Et les millions dépensés (et le temps humain investi) en activisme politique n’auraient-ils pas pu être mieux utilisés en recherche scientifique de meilleurs moyens de contraception ? En fonds de soutien financier aux femmes désirant avorter afin qu’elles puissent se rendre là où c’est légal (ou même : de soutien financier pour qu’elles puissent garder l’enfant si c’est leur situation financière qui les poussait à vouloir y renoncer) ?

Même question pour l’autre bord : en deux générations à rêver d’une autre majorité à la Cour Suprême, n’y avait-il vraiment rien d’autre à faire, en termes de soutien financier aux femmes désirant avorter afin de les encourager à y renoncer, de recherche sur les moyens de contraception, de publicités anti-avortement, etc ? Car si le but est de décourager les avortements, toute loi, d’ailleurs, n’est jamais efficace à 100% : il y aurait des avortements clandestins, et des femmes et des médecins (hommes ou femmes) envoyés en prison plutôt que des fœtus sauvés (ou, tout simplement, davantage de voyages dans les États où cela resterait permis).

La politique est un jeu à somme négative : tous en sortent perdants.
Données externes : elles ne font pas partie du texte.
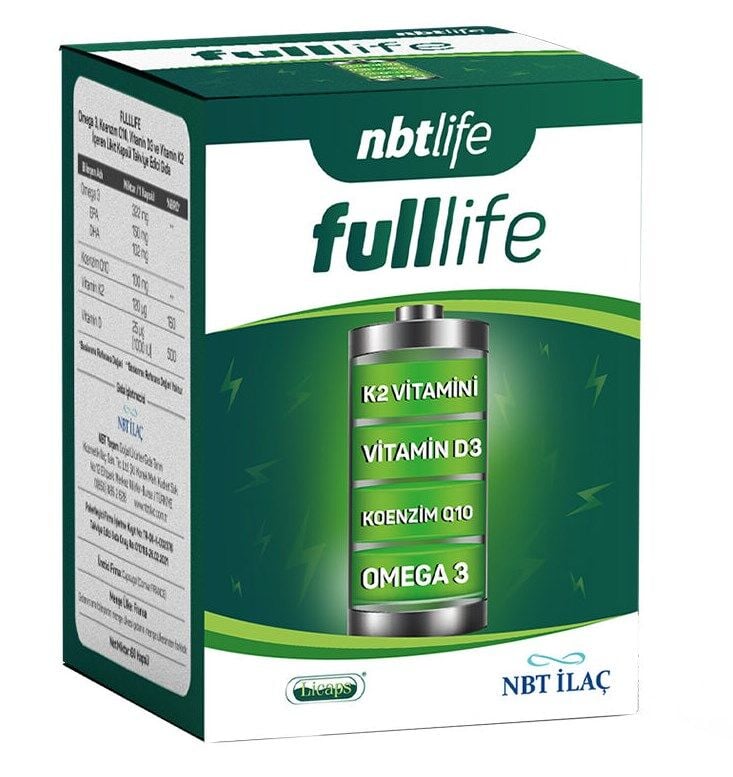 Nbtlife Fulllife 30 Kapsül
C’est donc la plus mauvaise et la moins durable des solutions à tout problème pouvant être réglé autrement. L’argent dépensé en politique est pure perte : les uns auront passé un demi-siècle pour renverser une jurisprudence, les autres un demi-siècle pour la défendre. Et si les premiers y parviennent, comme cela pourrait peut-être être le cas depuis l’élection de hier, alors les uns et les autres pourront de nouveau perdre le demi-siècle suivant dans les rôles inverses.

Le progrès réel de l’humanité, entre deux, n’aura pas avancé d’un iota.